No sé si es muy conocida la admiración que Stalin expresó por Hitler a causa de Noche de los Cuchillos Largos; hermanados en brutalidad y cinismo. O lo que Hitler le escribió a Stalin para felicitarle por cumplir sesenta años de edad, el 21 de diciembre Stalin de 1939 (cuatro meses después de sellar el Pacto nazi-soviético):

“Por favor, acepte mis más sinceras felicitaciones en su sexagésimo aniversario. Aprovecho la ocasión para ofrecerle mis mejores deseos. Le deseo buena salud a ud. y un futuro feliz a todos los pueblos de nuestra amiga, la Unión Soviética”.

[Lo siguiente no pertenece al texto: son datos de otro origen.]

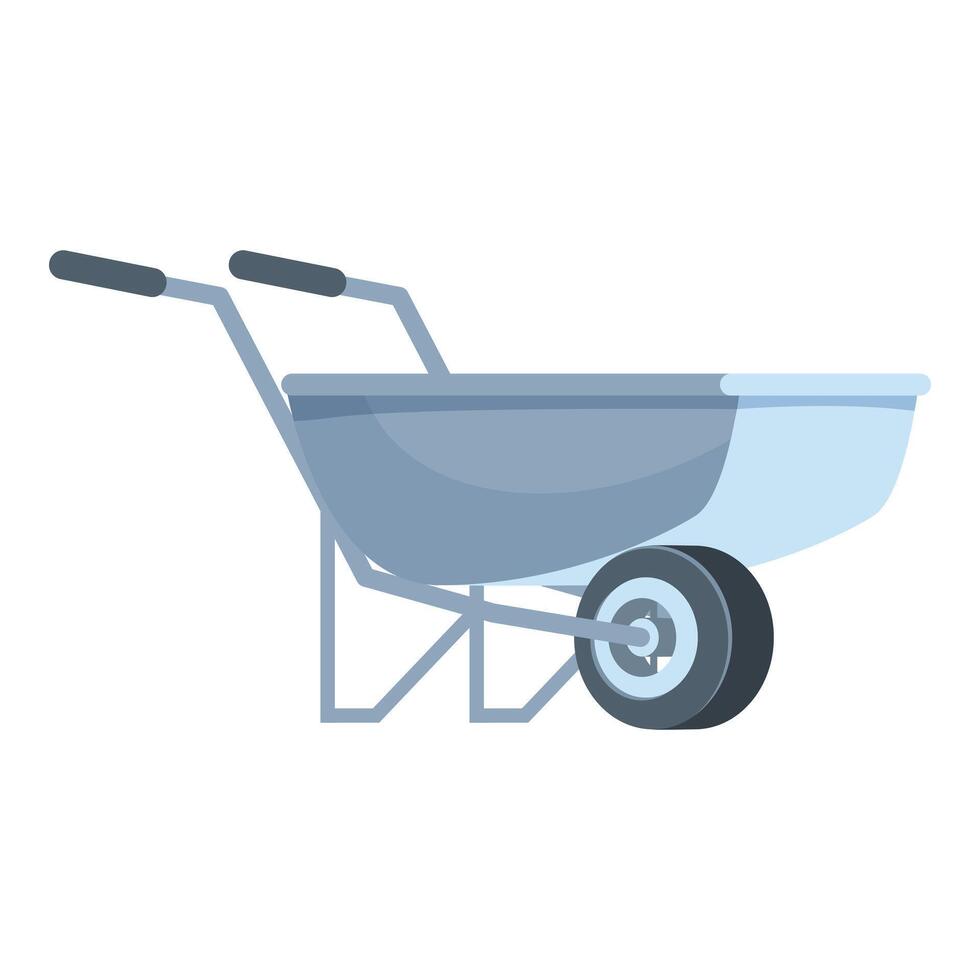 Empty metal wheelbarrow standing for construction works vector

Leyendo el libro Dictadores (Acantilado) del neerlandés Frank Dikötter, catedrático de Humanidades en Hong Kong, he sabido que al menos cinco ciudades soviéticas llegaron a adoptar el nombre de Stalin. Yo sólo conocía el de la más famosa: Stalingrado (Volvogrado). Pero también Stalinsk (Novokuznetsk), Stalinabad (Dusambé), Stalinagorsk (Bobrik-Donskoy) y Stalino (la ucraniana Donetsk); cuyos nombres históricos fueron restaurados en 1961 por Kruschev. Asimismo, se construyó el Canal de Stalin, excavado por convictos e inaugurado en 1933. Hubo ciudades que fueron bautizadas de nuevo con los nombres de otros dirigentes soviéticos y que, al caer en desgracia ante Stalin, volvieron a su nombre inicial; así Mólotov (Perm).

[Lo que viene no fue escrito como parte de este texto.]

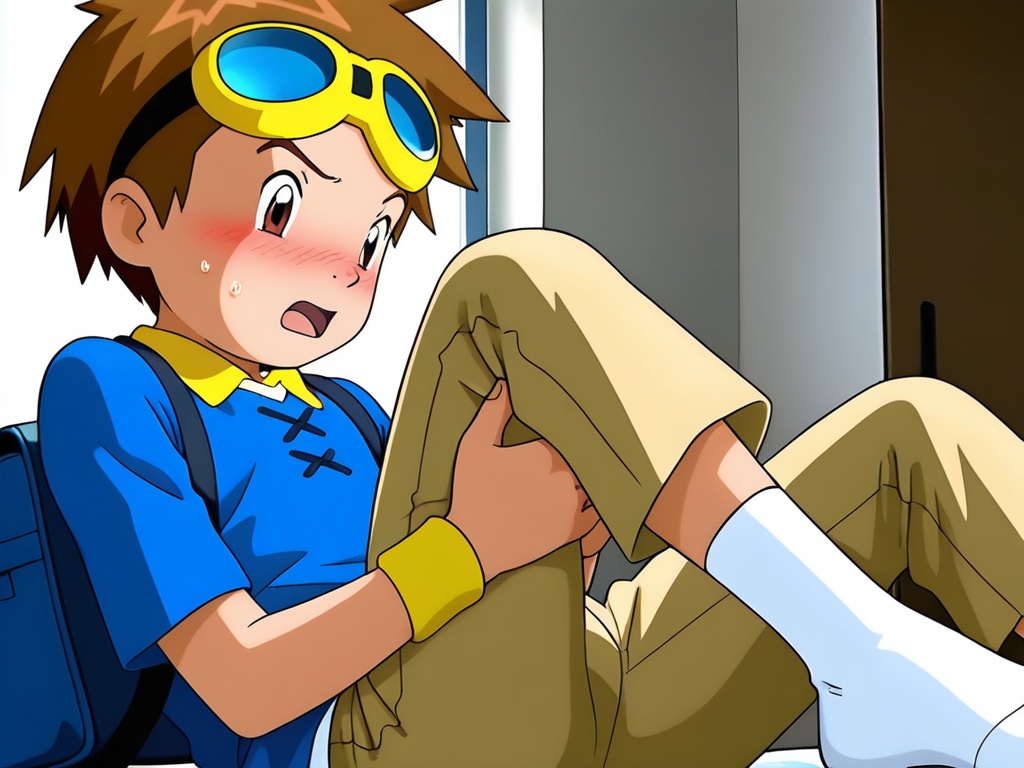 <lora:DT_Matsuda_Takato_XL:1>,digimon tamers,do not split pictures,NSFW,best quality,best detail,masterpiece,male focus,indoors,elementary school bag,1boy,male_child,petite,short hair,brown hair,blue clothes,beige trousers,goggles on head,reddish brown eyes,(long eyebrows:0.8),socks,surprised,flustered,perfect hands,(5fingers:1.3),correct anatomy,huge filesize,available light,mid_shot,photorealistic,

Mientras Trotski calificaba a Stalin de ‘la sobresaliente mediocridad de nuestro Partido’, Bernard Shaw dijo que era ‘un hombre que conquista con su simpatía’. Pero fue Stalin quien se adueñó del Partido y puso fuera de juego a Trotski: no cejó en presentarse como pupilo de Lenin, estableció un miedo atroz a discrepar y efectuó purgas continuas. Pasó por ser paciente, equilibrado y pragmático, en sintonía con el pueblo, con una sonrisa benigna, en tanto que la imagen de Trotski era la de alguien ruidoso, egocéntrico y soberbio; poco importaba ya su talento o que fuera un formidable orador y un gran líder del Ejército Rojo. Entre 1944 y 1950, Stalin duplicó la población gulag: unos dos millones y medio de personas. En 1948, dice Dikötter, “denigró la genética como ciencia extranjera y burguesa, y frenó toda investigación en biología”, sometió al mundo científico con una sola excepción: dio recursos ilimitados para la investigación en armamento atómico y así consiguió la bomba atómica hace 75 años.